Pragmatici sono gli uomini, ma soprattutto le donne medioevali. Lisabetta, che nonostante l'età ancora non ha avuto marito, si innamora del garzone dei fratelli: Lorenzo. I tre fratelli di Lisabetta si vendicano del suo amante, portando a una tragica fine un amore assoluto e distruttivo.

Infine viene rappresentata una beffa che non ha bisogno di commenti: il furbo Don Gianni cerca di sedurre la moglie di un suo amico, spiegando al suo ospite come riuscire a compiere la metamorfosi della moglie in asinello.
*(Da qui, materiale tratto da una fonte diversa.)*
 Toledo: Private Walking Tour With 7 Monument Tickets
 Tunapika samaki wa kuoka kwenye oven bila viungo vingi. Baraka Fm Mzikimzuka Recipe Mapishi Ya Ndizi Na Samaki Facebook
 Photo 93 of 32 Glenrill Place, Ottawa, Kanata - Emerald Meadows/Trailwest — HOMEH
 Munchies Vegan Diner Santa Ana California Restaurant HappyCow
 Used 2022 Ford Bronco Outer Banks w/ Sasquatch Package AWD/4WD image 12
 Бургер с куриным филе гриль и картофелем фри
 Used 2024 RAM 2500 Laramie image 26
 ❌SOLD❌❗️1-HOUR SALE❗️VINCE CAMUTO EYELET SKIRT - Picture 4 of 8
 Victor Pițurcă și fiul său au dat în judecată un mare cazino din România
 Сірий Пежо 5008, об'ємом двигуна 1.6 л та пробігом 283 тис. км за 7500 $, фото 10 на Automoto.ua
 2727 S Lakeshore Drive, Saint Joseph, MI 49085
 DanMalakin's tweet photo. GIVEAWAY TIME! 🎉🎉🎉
I chierici non sempre sono ingenue persone.

In Pasolini è presente una caratteristica peculiare della scuola cinematografica italiana: non tutto ciò che viene mostrato è essenziale per la trama. Come in un documentario, si osservano le strade, i corpi, i visi, gli occhi e i sorrisi.

Ma soprattutto c'è Napoli, Napoli che brulica di persone. Nessun filtro e nessuna selezione viene fatta nella rappresentazione della vita di quesste donne e di questi uomini medioevali. E non ci sono filtri nelle vite di questi personaggi. Le sovrastrutture verso la vera essenza della vita stanno solo sullo sfondo: le regole dettate dalla famiglia, dalla società e dalla chiesa sono aggirate con leggerezza. Da tutti, nessuno escluso. Ci sono solo beffatori e beffati nella commedia umana a cui assistiamo. Questo è un inno a godere della vita nella sua pienezza: gli uomini e le donne medievali boccacceschi sembrano riuscirci, gli uomini e le donne postmoderni molto meno.